I'll toss a couple links your way:

Malcolm Gladwell, via an old article from the New Yorker, tackles the age-old question: why are African-Americans kicking such serious ass in professional sports? Now I'm sure some of his facts could be disputed on several grounds - as is common with his articles - but there's some good reading here. And it's nice to have a sports writer who may have been a good athlete. Not that Mike Toth doesn't dominate his rec league squash tournament or anything.


Ta-Nehisi Coates, a solid young writer I recently got hip to, has a friendly discussion with John McWhorter over hip-hop and society, via BloggingheadsTV (fantastic site). McWhorter takes a black conservative approach and states that hip-hop, beyond its role as music genre, does not inspire constructive thinking in poor black culture, but rather influences its followers with a message of cynicism.

So while McWhorter makes some valid points, I must lean to Coates' side of the debate. Sure, a lot of music which comes out of political inequality uses a cynical tone, but cynicism doesn't necessarily beget cynicism. There's a reason why Chuck D called himself and Public Enemy the 'Black CNN.' And that was the need to present black history from an African-American perspective. You can inspire people even when your work uses a jaded tone, and that's what socially-conscious music has done across more genres than rap.
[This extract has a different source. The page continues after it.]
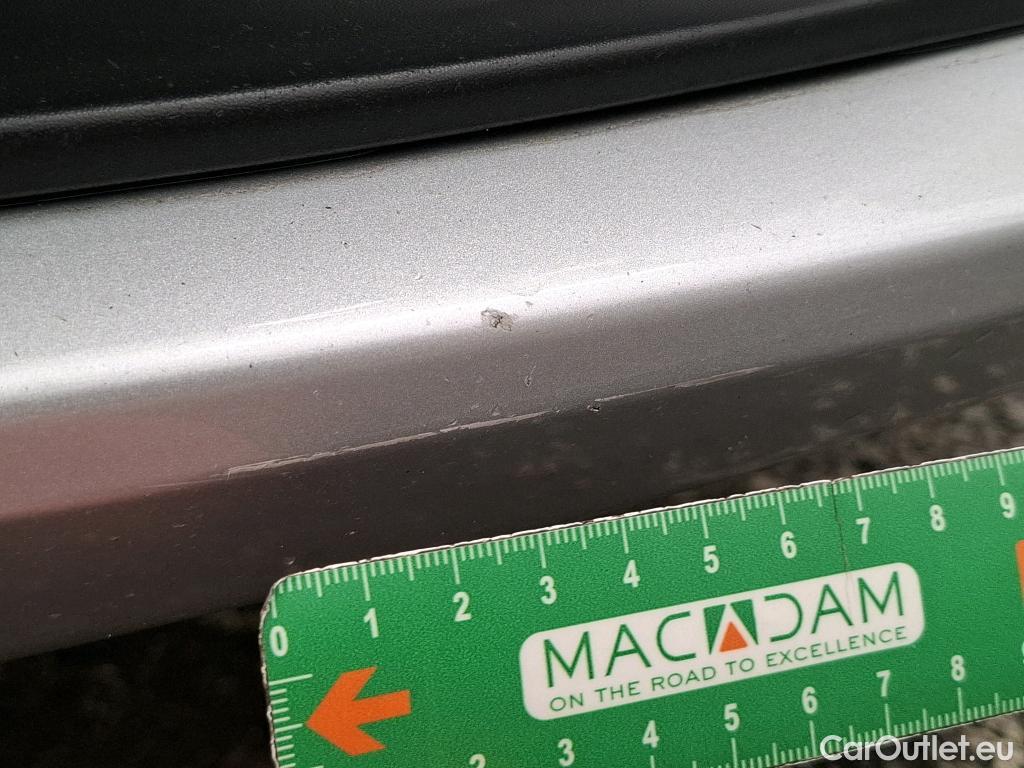  Peugeot  208  Affaire Premium 1.6 HDi 100CV BVM5 E6 #9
On the first day of a poetry workshop our professor told us not to assume that the speaker in the poem is the writer. This is the type of thing you need to tell undergraduate writers or they'll start thinking that half their peers are doing smack or come from abusive households. (ie. Many student writers write about incredible sex, only most of them are quiet and solitary and write a fantasy land to dwell in. So yes, do not make assumptions about someone's personal life from their poetry.)

Hip-hop is probably the closest in mainstream music genres to poetry, from its rhythms to line structures, and like poetry, the writer can and will access different states of emotion and/or write from another perspective. Do not assume that Big Boi in "Ms. Jackson" (by Outkast) is referring to himself when using the 'I'. The song is an examination of custody battles, money, and post-relationship frustration from the perspective of a slightly angry young man. The song succeeds in part because of Big Boi's ability to juxtapose down-tempo vitriol with Andre 3000's falsetto-laced fairy tale hook. A reproduction of these emotional states through hip-hop seems like an awfully constructive activity.

I could go on forever about, what I believe, are faults in McWhorter's argument, but I'll leave with one thought: how terrible would popular music be without cynical artists?